VIRGINIA BEACH, Va. -- If you want to know what it take to be a Green Beret, ask a 97-year-old woman who lives in Virginia Beach.
WTKR reports that throughout Doris Baker's remarkable life, she has left a lasting impact as an educator, leader, author and photographer.
And the Atlantic Shores resident made history Wednesday when she became the first employee to ever receive an honorary Green Beret membership. The ceremony, which included full military honors, took place at the retirement community .
Baker's nomination states she served the Department of Defense with great distinction and dedication as a teacher and administrator.
She taught the children of the 10th Special Forces group, first as a teacher and later as principal.
Following World War II, Baker taught children where the Green Berets' families were assigned in Germany.
"I stayed in 25 different spots, around every time someone would come in they would move us teachers around to fit. It might even be in a little village somewhere, outside of town and we did whatever we had to do, and they liked us and we liked them," she said.
Eventually they built a school for special forces children in Bad Tolz, near one of the largest SS training camps.
"The parents were as close to me as the Green Berets were. We talked to each other about anything and everything," Baker explained.
The Army eventually asked Baker to run the school as a principal.
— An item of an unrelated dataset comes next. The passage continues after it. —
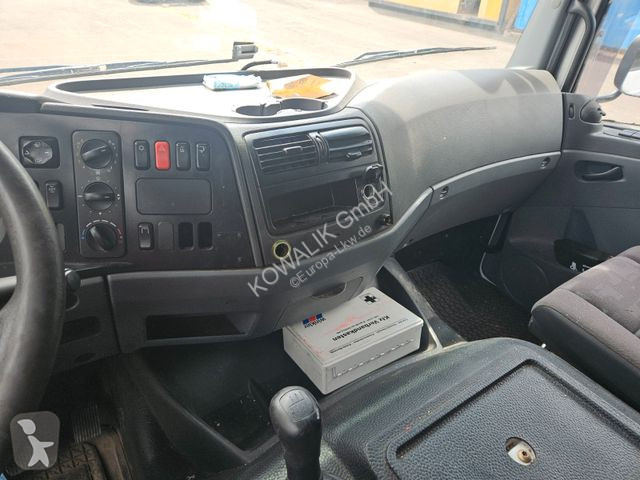 Kamion Mercedes 1224 mit Ladebordwand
The relationship she built over the years ended up on the pages of a book she authored titled, "The Originals," reportedly the only book written by a woman about the iconic US Army Special Forces division.
Baker returned to the US in 1980 and left behind a school that had swelled to a population of 600 pupils. Some call it the house that Baker built.
Baker's photo collection, "Viewing the World – Travel Photography through Doris Baker's lens," is now on display at the Swem Library at the College of William and Mary.